FIFA President Sepp Blatter
said on Saturday that he had "regrets" following a
scandal-tainted year in which football's governing body lurched
from one crisis to another.
Blatter again defended the decision to award the 2018 and
2022 World Cups to Russia and Qatar but said announcing the
choices at the same time may have been a mistake.
"This is a justified question after a year of ups and
downs," Blatter told reporters after a FIFA Executive Committee
meeting in Tokyo on the sidelines of the Club World Cup.
"It was not the best and most intelligent decision of FIFA
to announce the two World Cup simultaneously," said the
75-year-old on the eve of Barcelona's final with Santos in
"It was wrong and it caused a lot of disturbances earlier
this year," he added of the controversy and subsequent blaze of
corruption revelations triggered by the choices.
"The past is past and we have to look forward. The boat is
still not in still waters but we are bringing it back to port.

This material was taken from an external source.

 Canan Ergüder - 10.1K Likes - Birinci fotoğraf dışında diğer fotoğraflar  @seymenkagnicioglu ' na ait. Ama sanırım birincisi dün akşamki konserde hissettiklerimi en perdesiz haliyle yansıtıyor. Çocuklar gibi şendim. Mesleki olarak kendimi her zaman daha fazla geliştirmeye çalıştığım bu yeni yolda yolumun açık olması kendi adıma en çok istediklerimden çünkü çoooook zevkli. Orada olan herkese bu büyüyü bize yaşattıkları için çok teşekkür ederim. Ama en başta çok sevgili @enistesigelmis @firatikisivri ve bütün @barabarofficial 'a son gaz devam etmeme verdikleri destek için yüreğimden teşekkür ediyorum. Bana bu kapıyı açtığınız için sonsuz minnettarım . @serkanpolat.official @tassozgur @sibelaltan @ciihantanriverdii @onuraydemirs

"Regrets, yes. But you can't live in regret. You can have
regrets but you can't go back and change the past,
"You must have have a positive approach and I have the
energy to go forward and bring back the credibility of FIFA and
take care of public opinion."
Blatter, re-elected for a fourth term in June unopposed
after then Asian football chief Mohamed Bin Hammam was booted out
of FIFA in a cash-for-votes scandal, has his work cut out.
The Swiss provoked negative headlines last month by saying
any incidents of racist abuse on the pitch should be settled
with a handshake after the game.
Blatter said his comments had been misunderstood and
rejected widespread calls for him to resign.
Having launched new anti-corruption measures in October,
Blatter again defended the choice of surprise winners Qatar for
the 2022 World Cup against outside criticism.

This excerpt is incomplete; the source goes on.